Crawled caption data:
"""

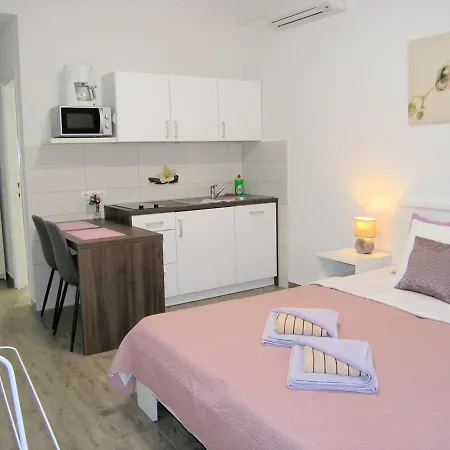 Apartmani Zganec Baška Exteriör bild
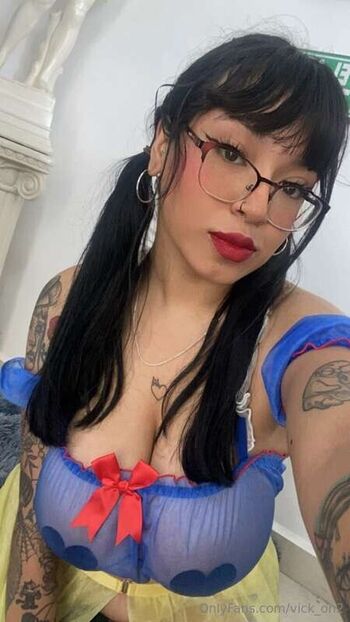 Full leaked Vickyonts private onlyfans photo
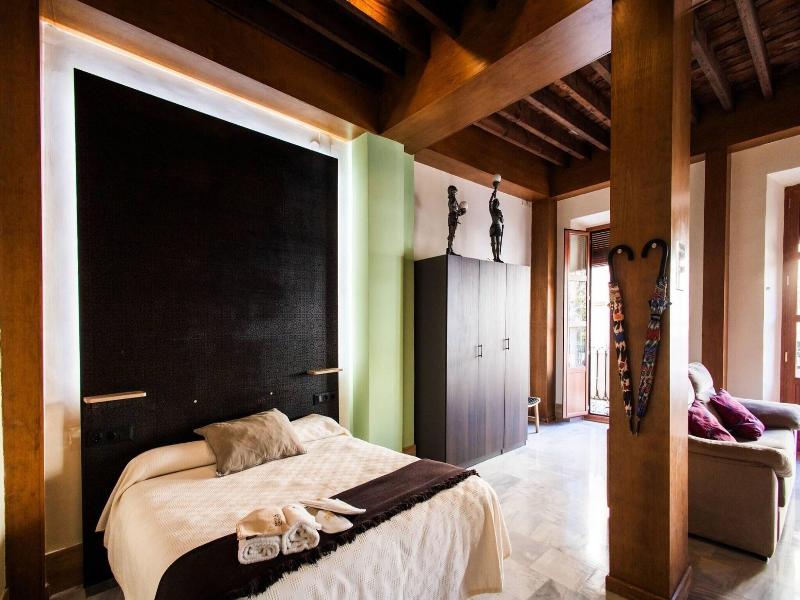 Apartamentos Reyes Catolicos image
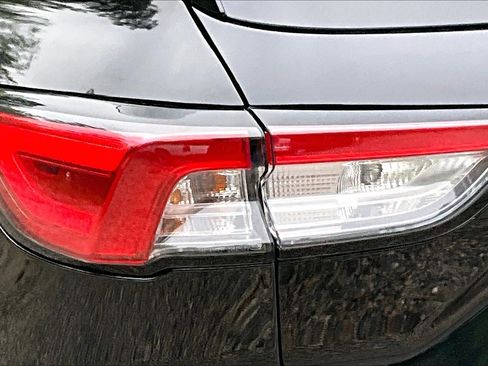 Certified 2022 Ford Escape SEL w/ SEL Stealth AWD Package image 30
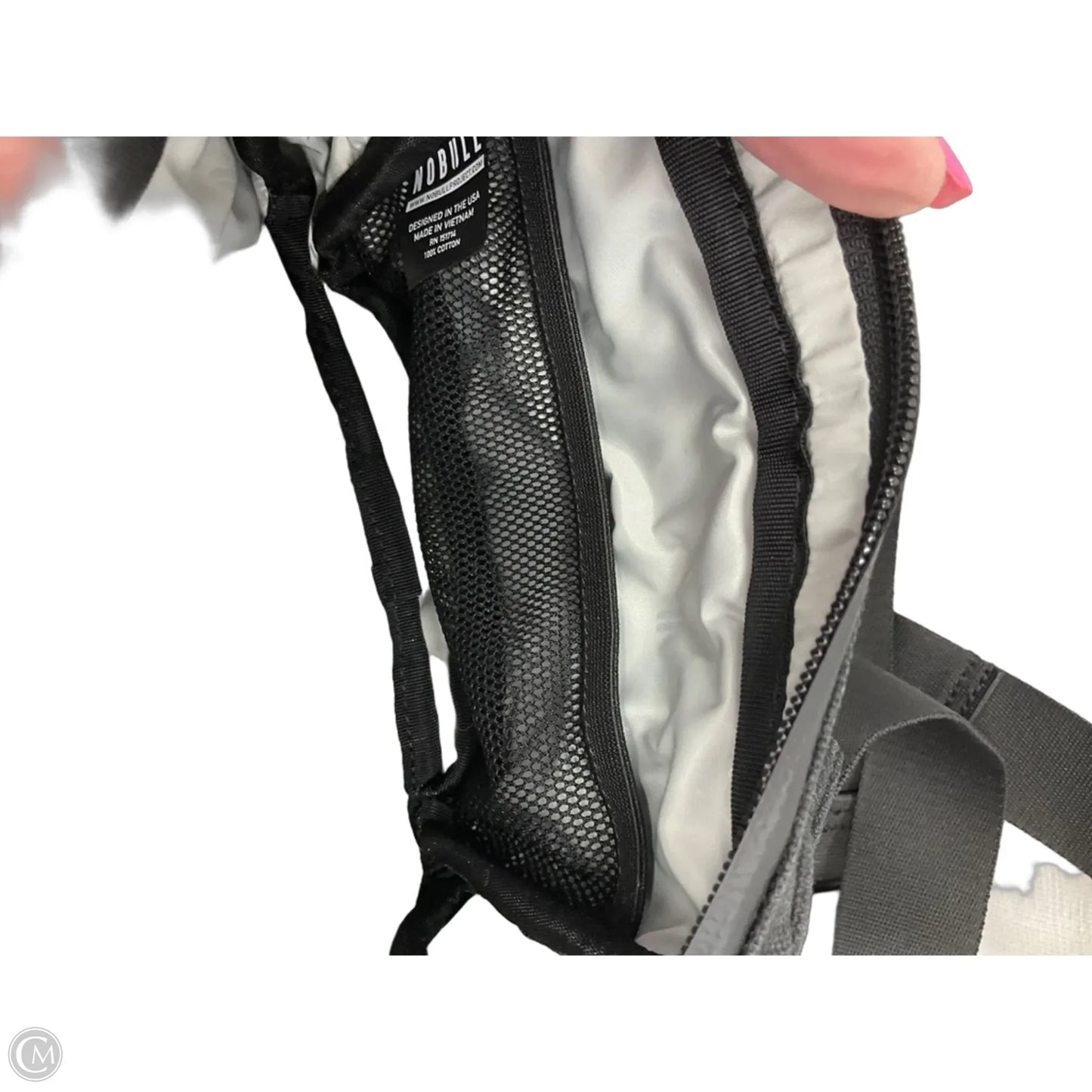 Belt Bag By Nobull, Size: Small
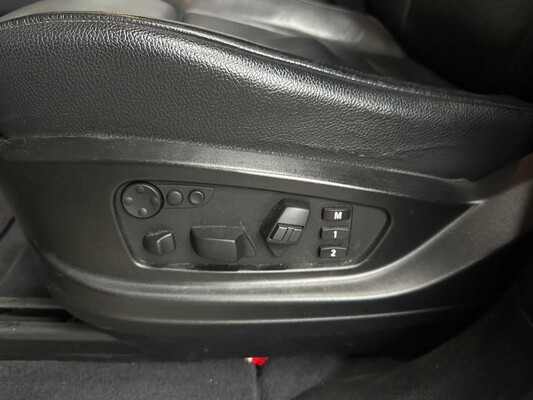 BMW X5 xDrive40d High Executive 7p 306pk 2012, JF-874-N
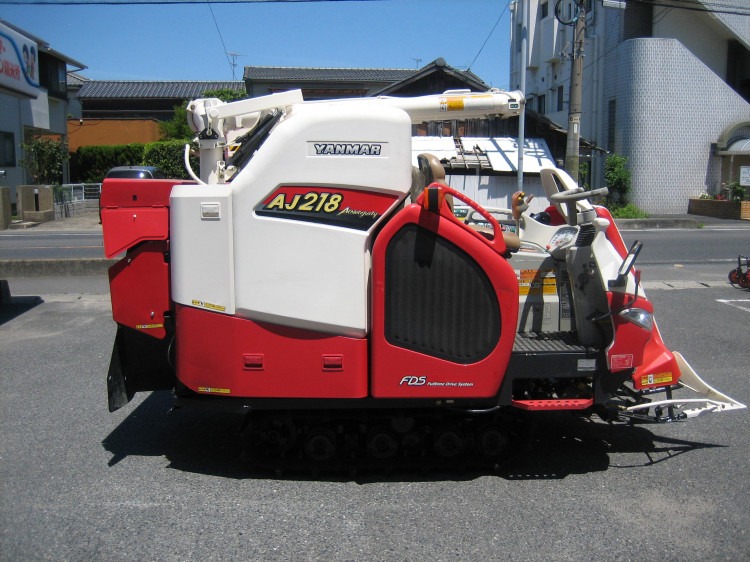 ヤンマー 中古コンバイン AJ 218 JLE（2条刈/18.5馬力） の商品画像1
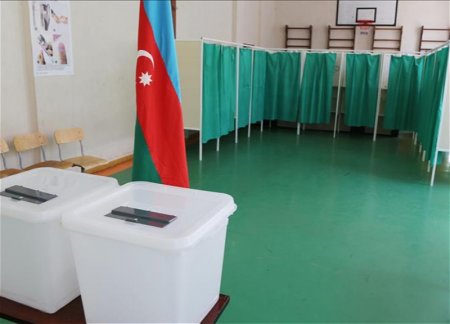 На президентских выборах в Азербайджане будут бороться 7 кандидатов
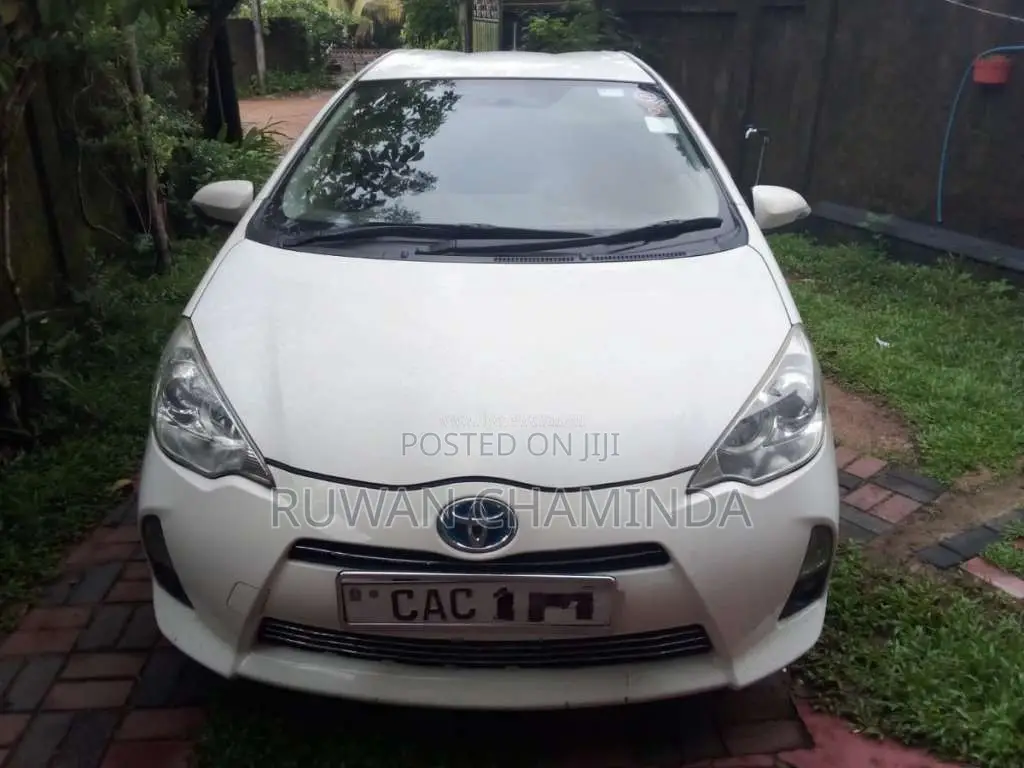Toyota Aqua 2012 Car (Used)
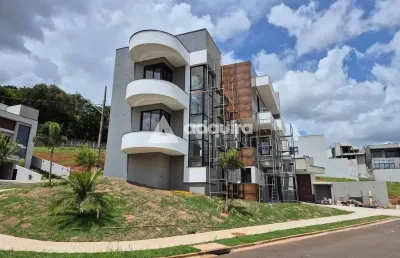 Maravilhosa casa de esquina à venda no condomínio vale dos vinhedos, com 4 suítes e área goumet int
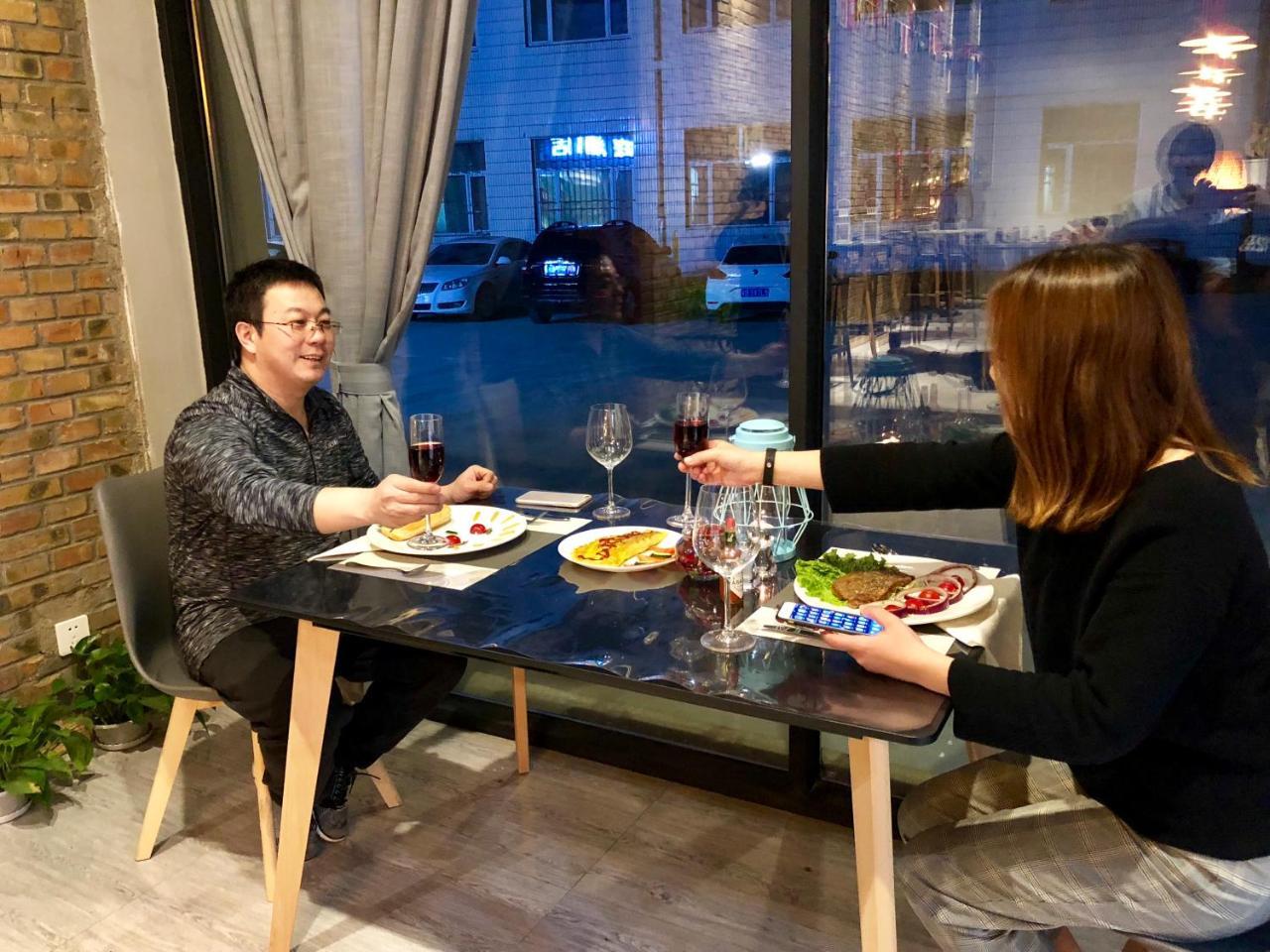 Lantern Hotel Хоххот Екстериор снимка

"""

Your task: Reproduce the data verbatim. Do not carry any picture into the copy.

Exercise result:
 Apartmani Zganec Baška Exteriör bild
 Full leaked Vickyonts private onlyfans photo
 Apartamentos Reyes Catolicos image
 Certified 2022 Ford Escape SEL w/ SEL Stealth AWD Package image 30
 Belt Bag By Nobull, Size: Small
 BMW X5 xDrive40d High Executive 7p 306pk 2012, JF-874-N
 ヤンマー 中古コンバイン AJ 218 JLE（2条刈/18.5馬力） の商品画像1
 На президентских выборах в Азербайджане будут бороться 7 кандидатов
Toyota Aqua 2012 Car (Used)
 Maravilhosa casa de esquina à venda no condomínio vale dos vinhedos, com 4 suítes e área goumet int
 Lantern Hotel Хоххот Екстериор снимка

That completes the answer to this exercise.